**SUPPLIED RECORDS**:
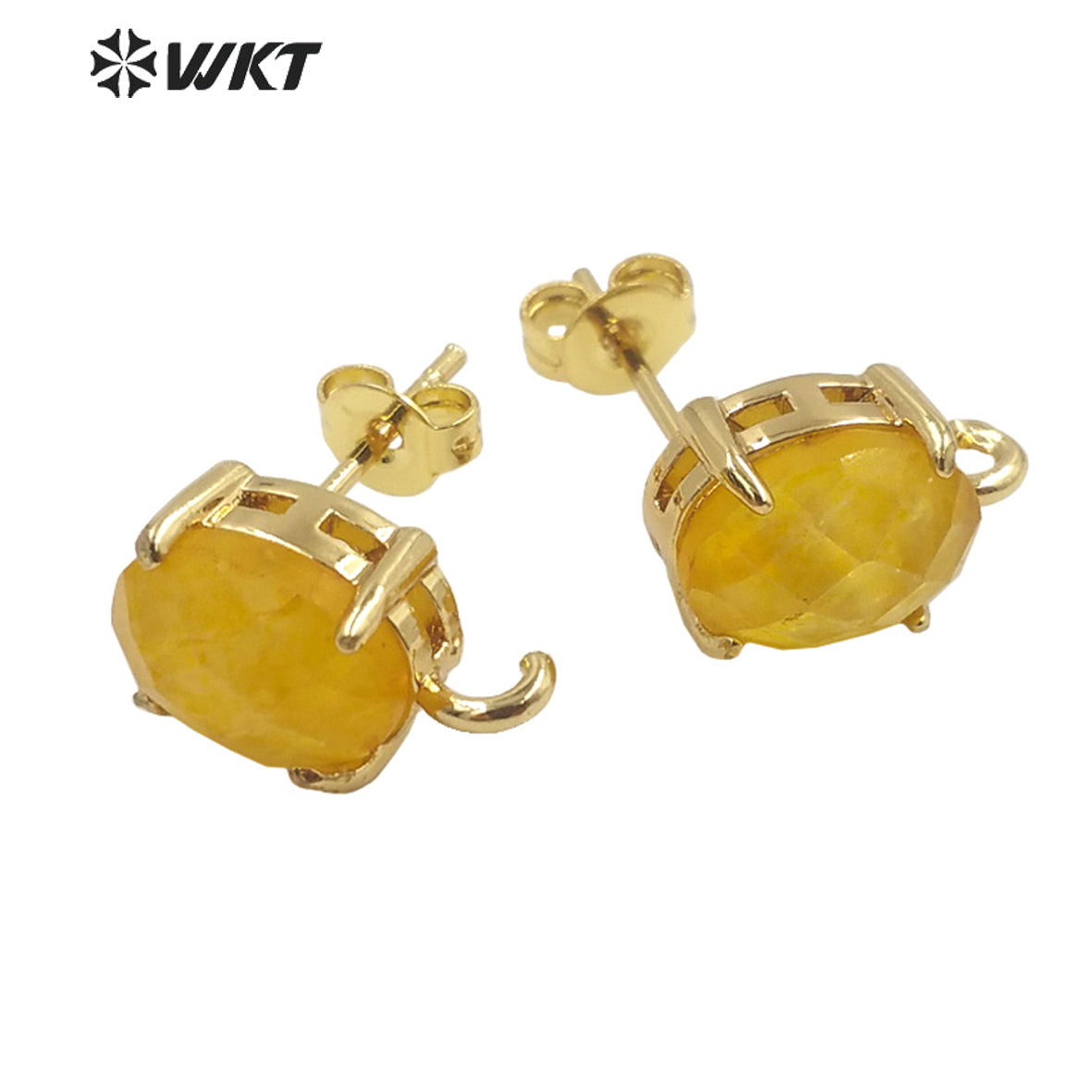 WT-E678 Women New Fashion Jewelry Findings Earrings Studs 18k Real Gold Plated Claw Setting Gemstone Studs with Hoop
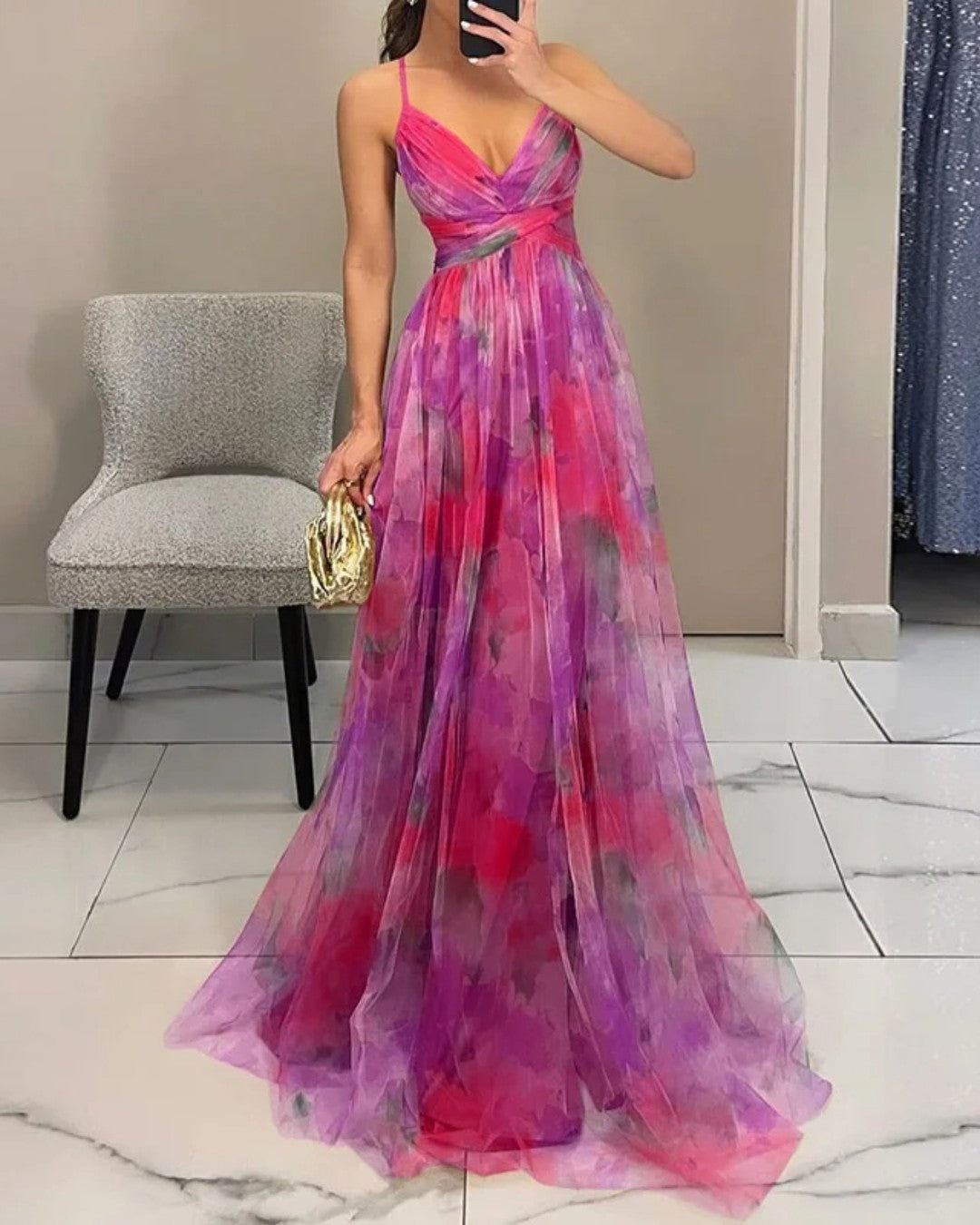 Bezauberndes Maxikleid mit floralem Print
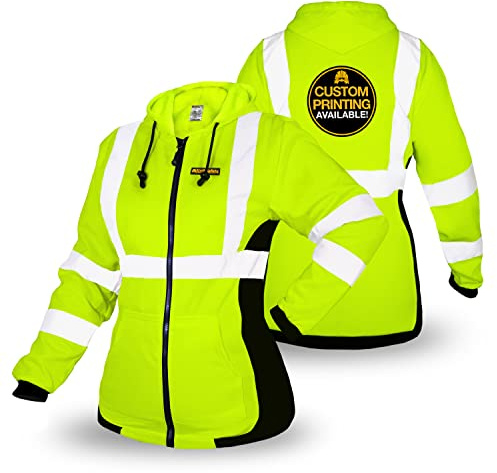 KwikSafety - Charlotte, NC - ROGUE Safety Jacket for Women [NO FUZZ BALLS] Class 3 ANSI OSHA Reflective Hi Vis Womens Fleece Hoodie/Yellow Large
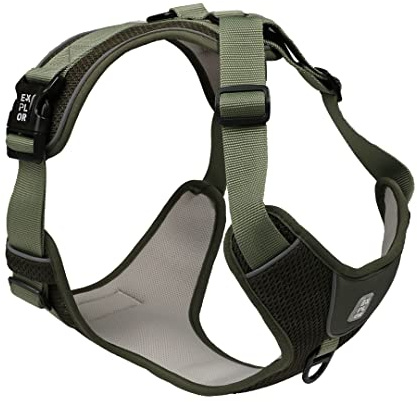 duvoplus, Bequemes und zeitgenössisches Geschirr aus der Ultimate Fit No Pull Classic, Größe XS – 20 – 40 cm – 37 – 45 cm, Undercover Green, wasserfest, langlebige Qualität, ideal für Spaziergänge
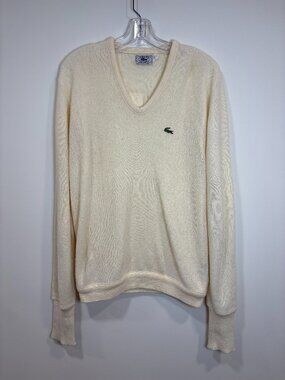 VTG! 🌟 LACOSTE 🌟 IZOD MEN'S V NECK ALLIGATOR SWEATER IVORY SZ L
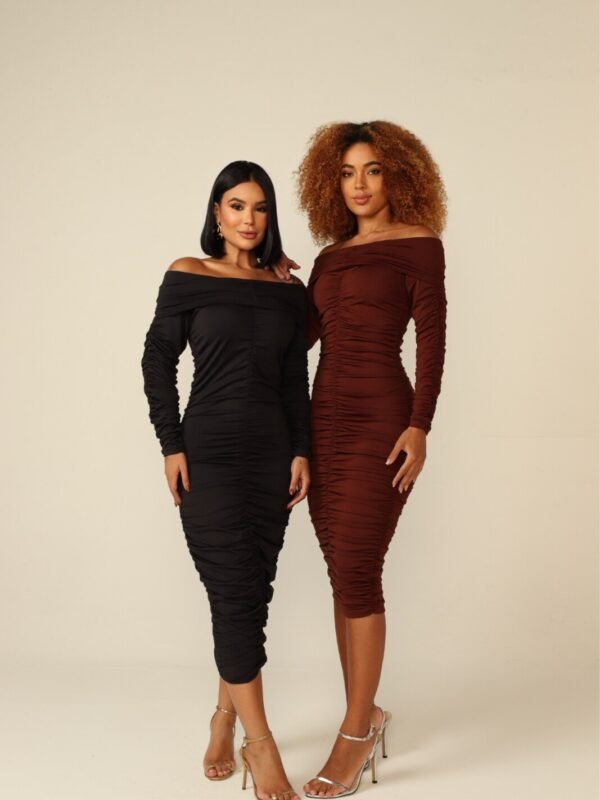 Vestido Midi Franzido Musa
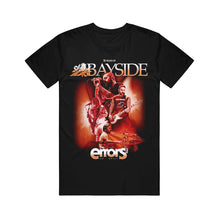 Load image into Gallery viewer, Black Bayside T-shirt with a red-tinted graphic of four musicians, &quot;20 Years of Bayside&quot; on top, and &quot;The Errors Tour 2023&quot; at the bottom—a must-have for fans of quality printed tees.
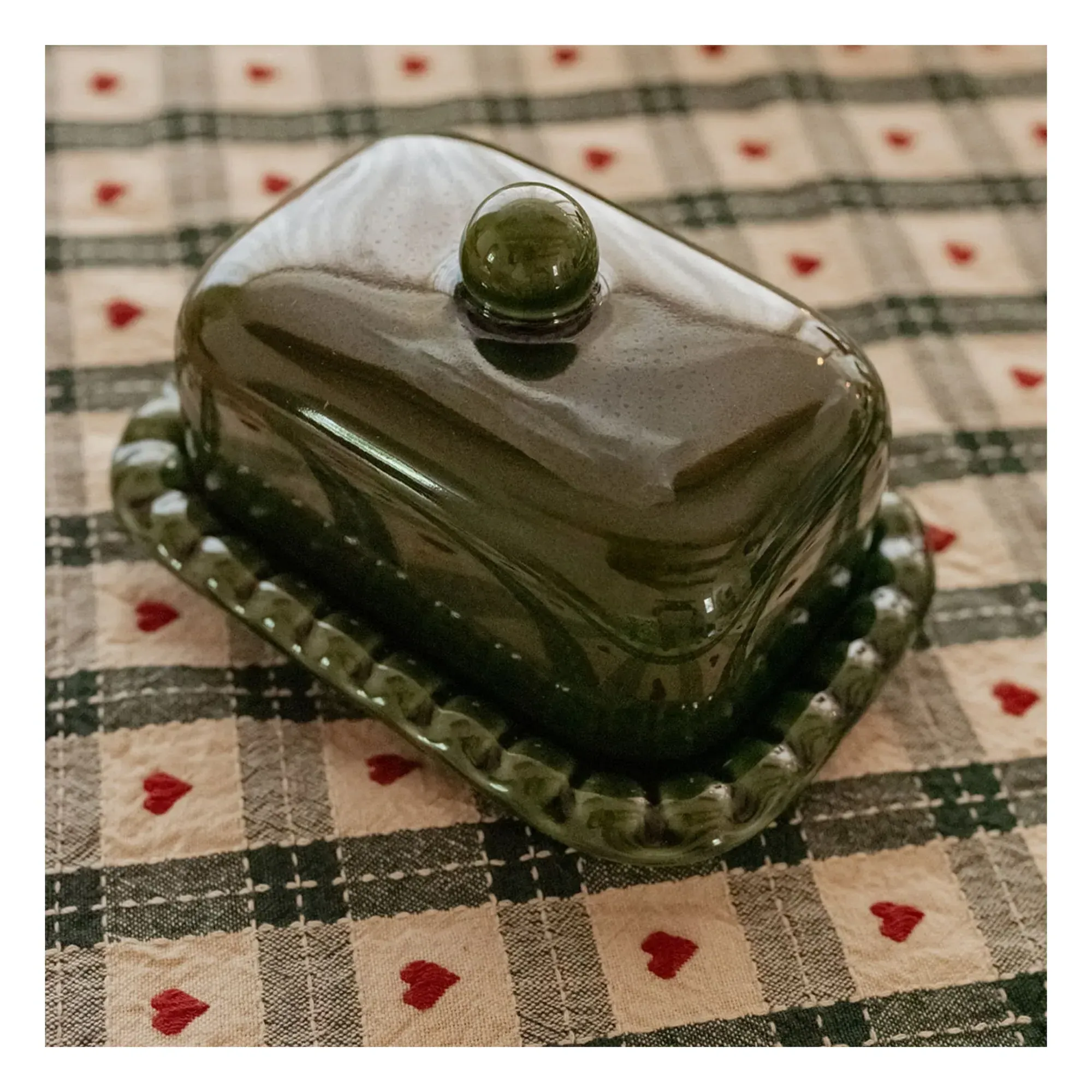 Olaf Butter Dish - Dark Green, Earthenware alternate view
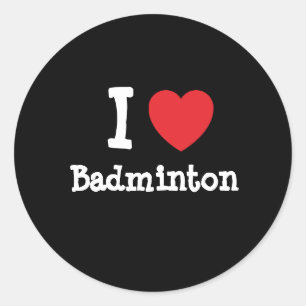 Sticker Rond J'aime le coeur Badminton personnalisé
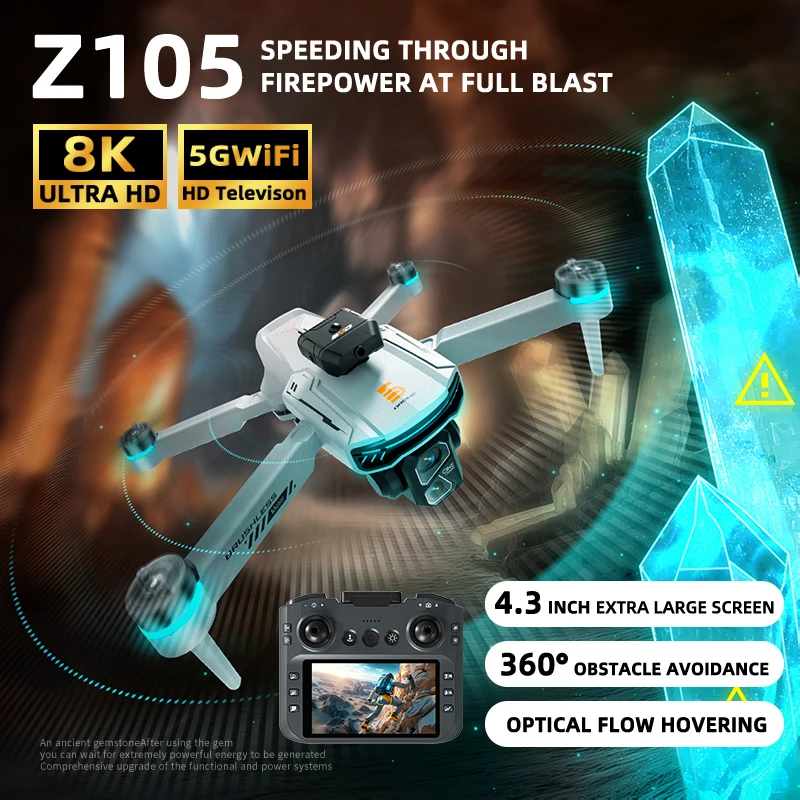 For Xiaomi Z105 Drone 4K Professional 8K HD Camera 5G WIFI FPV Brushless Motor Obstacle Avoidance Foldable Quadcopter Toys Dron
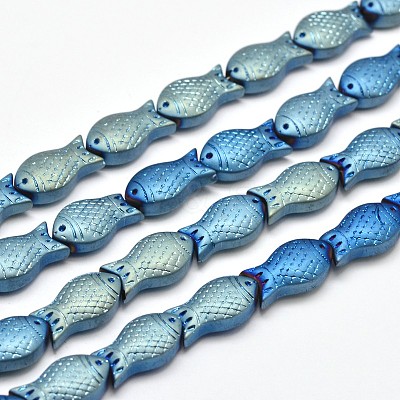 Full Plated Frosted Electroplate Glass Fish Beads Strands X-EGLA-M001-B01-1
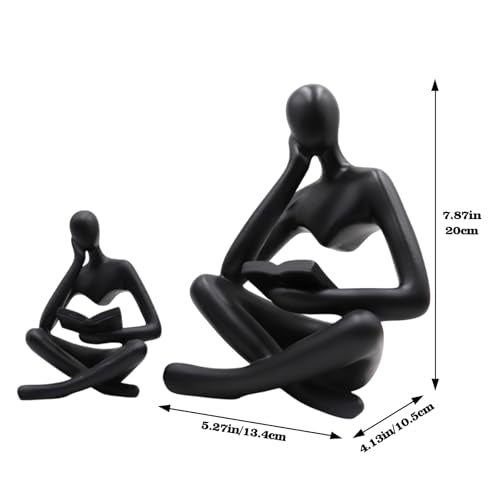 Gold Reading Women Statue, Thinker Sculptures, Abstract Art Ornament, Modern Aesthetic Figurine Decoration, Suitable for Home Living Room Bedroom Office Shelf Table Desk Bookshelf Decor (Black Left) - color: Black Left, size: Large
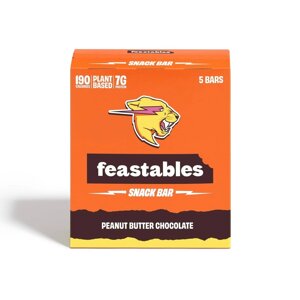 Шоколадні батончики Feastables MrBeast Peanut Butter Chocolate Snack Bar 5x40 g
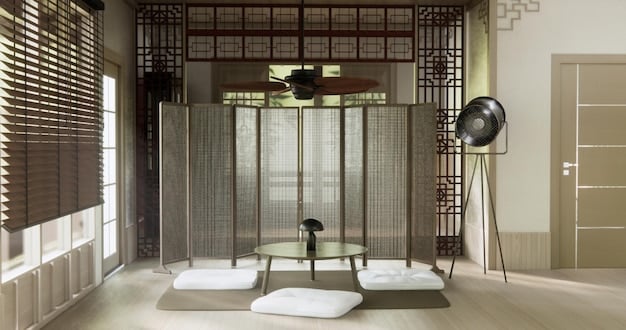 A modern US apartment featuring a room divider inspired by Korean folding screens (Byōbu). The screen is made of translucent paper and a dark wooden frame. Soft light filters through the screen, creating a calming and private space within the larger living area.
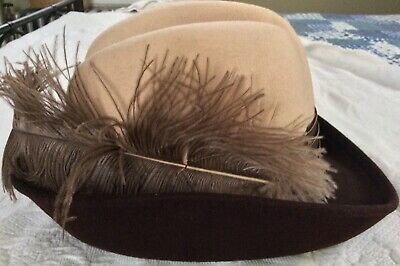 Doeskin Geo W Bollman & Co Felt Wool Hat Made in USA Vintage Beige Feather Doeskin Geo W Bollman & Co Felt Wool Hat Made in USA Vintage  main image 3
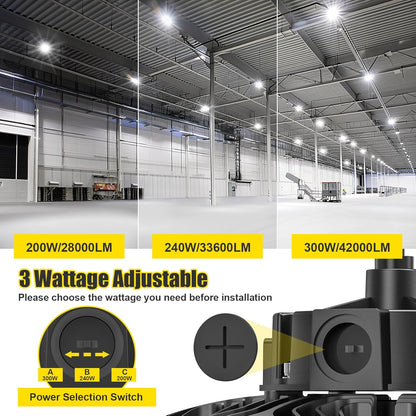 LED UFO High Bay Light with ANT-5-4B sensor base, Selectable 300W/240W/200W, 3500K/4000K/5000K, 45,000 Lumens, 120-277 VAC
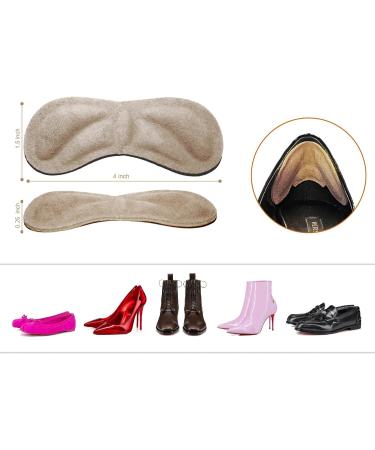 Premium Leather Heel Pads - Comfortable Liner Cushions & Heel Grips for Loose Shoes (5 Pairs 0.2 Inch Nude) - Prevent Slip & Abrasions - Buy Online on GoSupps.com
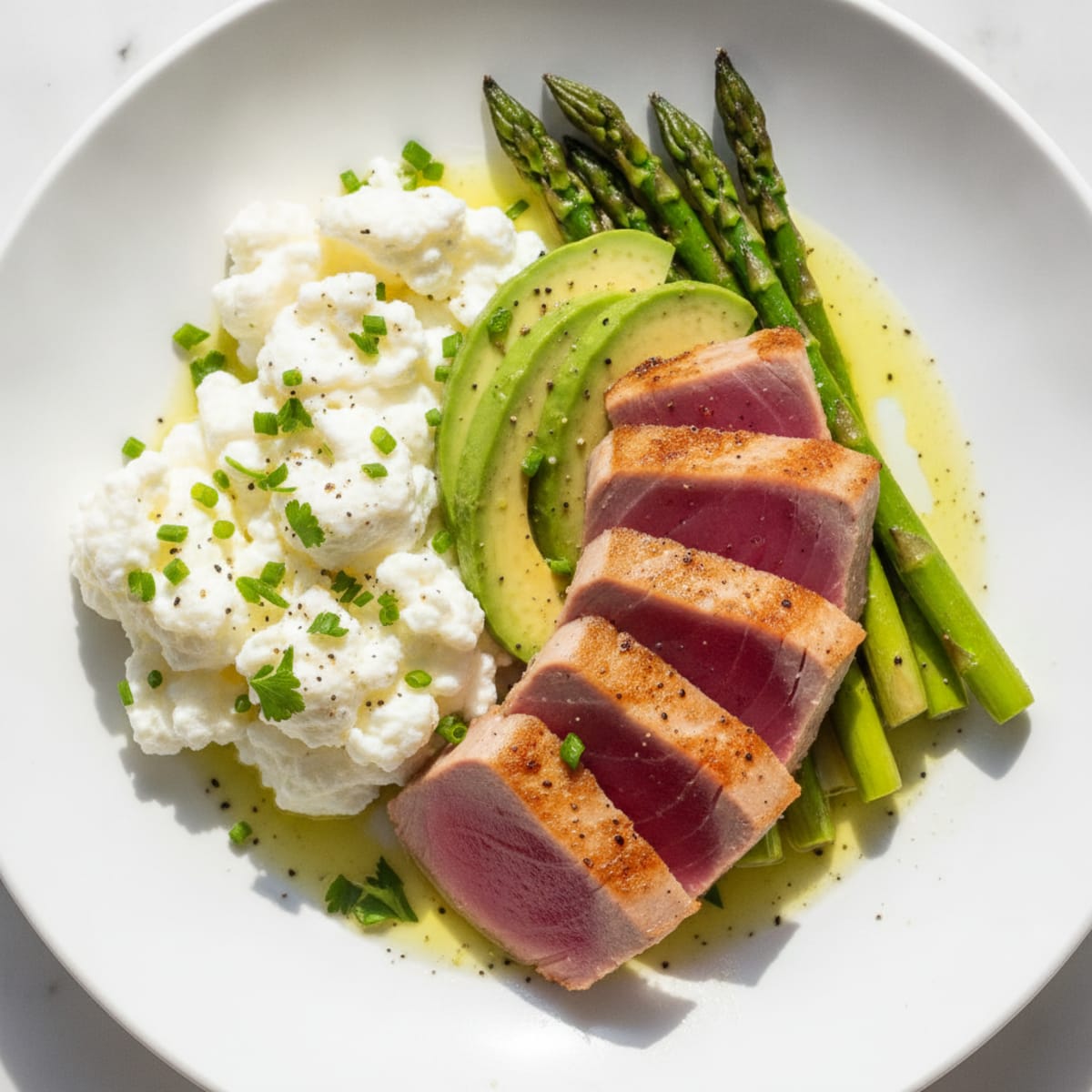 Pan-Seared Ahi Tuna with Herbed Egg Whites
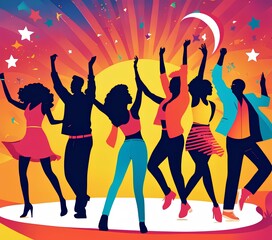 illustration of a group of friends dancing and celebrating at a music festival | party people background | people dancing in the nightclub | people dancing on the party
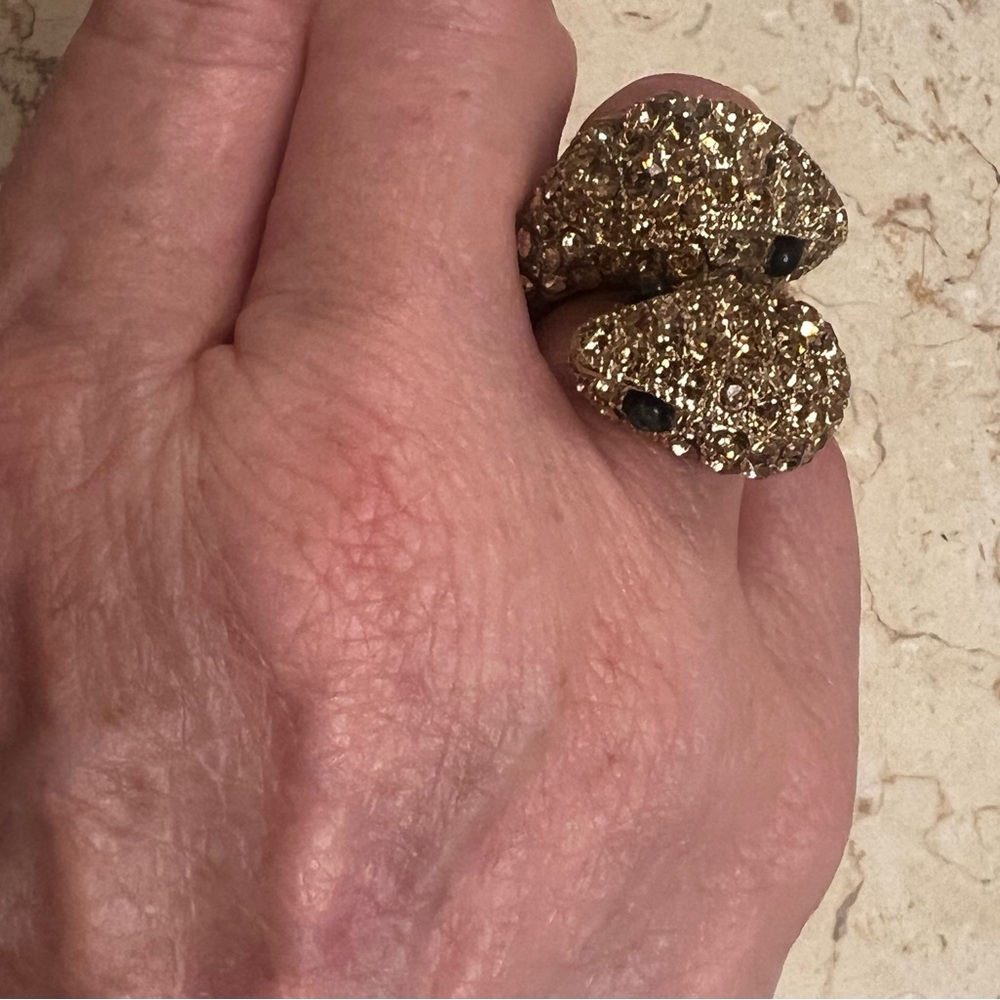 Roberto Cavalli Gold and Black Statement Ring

**EXERCISE DESCRIPTION**: Begin at the first line of the data above and repeat each line exactly, stopping after the line containing "Olaf Butter Dish". Omit the pictures.

**TASK ANSWER**:
 WT-E678 Women New Fashion Jewelry Findings Earrings Studs 18k Real Gold Plated Claw Setting Gemstone Studs with Hoop
 Bezauberndes Maxikleid mit floralem Print
 KwikSafety - Charlotte, NC - ROGUE Safety Jacket for Women [NO FUZZ BALLS] Class 3 ANSI OSHA Reflective Hi Vis Womens Fleece Hoodie/Yellow Large
 duvoplus, Bequemes und zeitgenössisches Geschirr aus der Ultimate Fit No Pull Classic, Größe XS – 20 – 40 cm – 37 – 45 cm, Undercover Green, wasserfest, langlebige Qualität, ideal für Spaziergänge
 VTG! 🌟 LACOSTE 🌟 IZOD MEN'S V NECK ALLIGATOR SWEATER IVORY SZ L
 Vestido Midi Franzido Musa
 Load image into Gallery viewer, Black Bayside T-shirt with a red-tinted graphic of four musicians, &quot;20 Years of Bayside&quot; on top, and &quot;The Errors Tour 2023&quot; at the bottom—a must-have for fans of quality printed tees.
 Olaf Butter Dish - Dark Green, Earthenware alternate view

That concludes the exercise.